Magnum, the world’s largest ice cream maker, made its public debut today with a message for investors: ice cream is not just a summer fling.
Shares of The Magnum Ice Cream Company, newly spun off from Unilever, opened at €12.20 in Amsterdam, valuing the business at roughly €7.9 billion (9.2 billion dollars). That is slightly below analyst expectations. The stock also began trading in London, with a New York listing on the way.
For years, ice cream was Unilever’s least profitable division. The business carried heavy cold-chain costs, tied to more than 3 million freezers worldwide, and demand that rises and falls with the weather. A one-degree temperature change can meaningfully sway short-term forecasts.
Magnum executives argue those challenges do not make the business volatile. They point to a decade and a half of predictable seasonality. Over the past 15 years, more than half of annual sales consistently landed between May and September.

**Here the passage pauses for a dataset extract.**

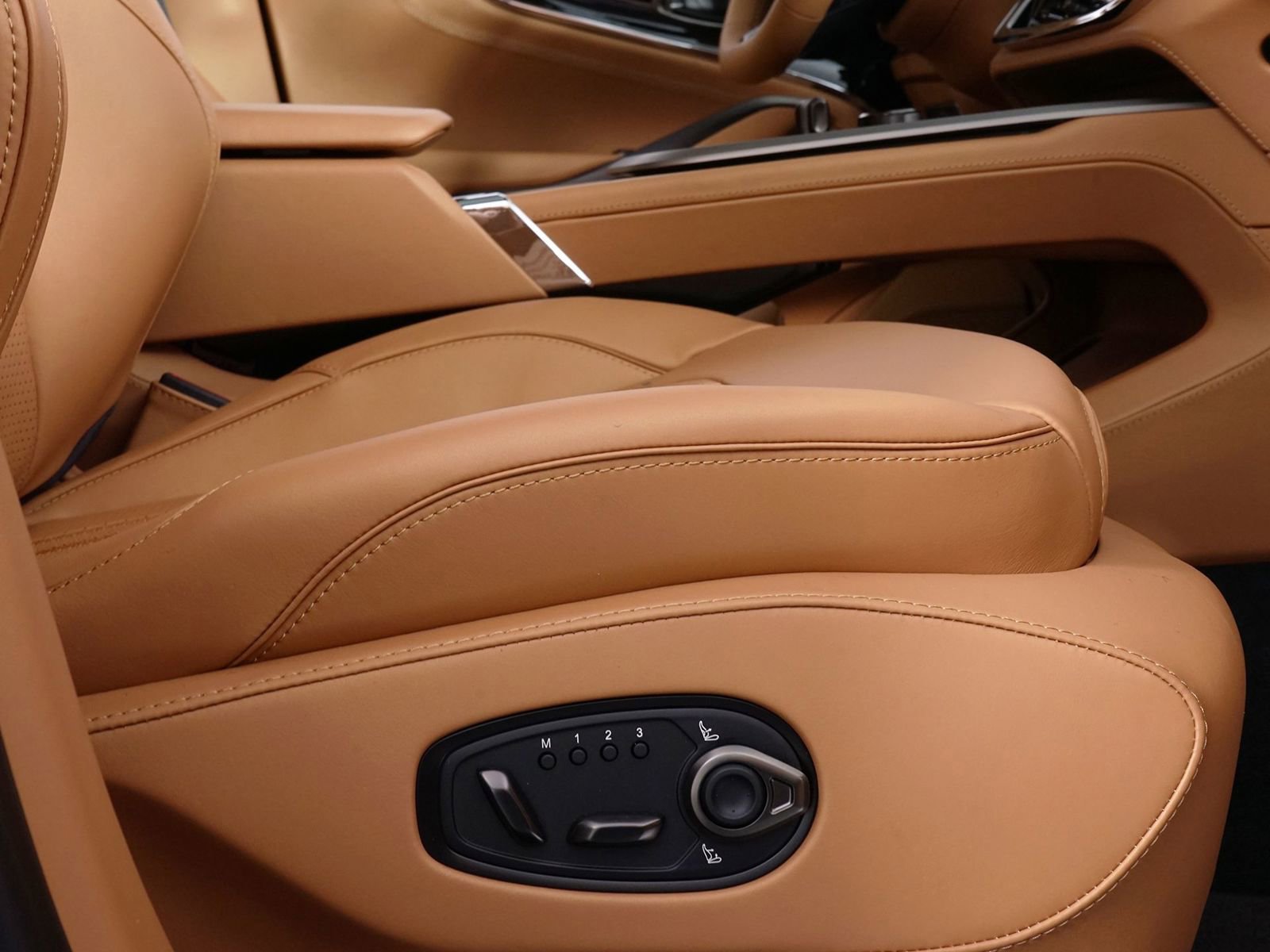 New 2026 Aston Martin DBX 707 image 16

From 2019 to 2024, second-quarter revenue growth was actually less volatile than that of several major beverage peers.
The GLP-1 question
Magnum must still navigate a world where Americans are eating less ice cream and GLP-1 drugs are reshaping appetite patterns. The company’s internal modeling suggests rising US GLP-1 adoption would reduce ice cream volumes by only about 0.5 percent at worst.
To stay ahead, the company is prioritizing premiumization. That includes portion-controlled products like Bon Bons and Ben & Jerry’s stick-based treats, as well as higher-protein, lower-calorie lines through brands such as Yasso.
Now that Magnum stands alone, without needing to compete internally with Dove soap, Hellmann’s, or home-care brands, leadership says its growth ambitions are clearer. The company aims to increase revenue 3 to 5 percent annually starting in 2026. CEO Peter ter Kulve credits an operating model built entirely around people who, in his words, “wake up and go to bed only thinking about ice cream.”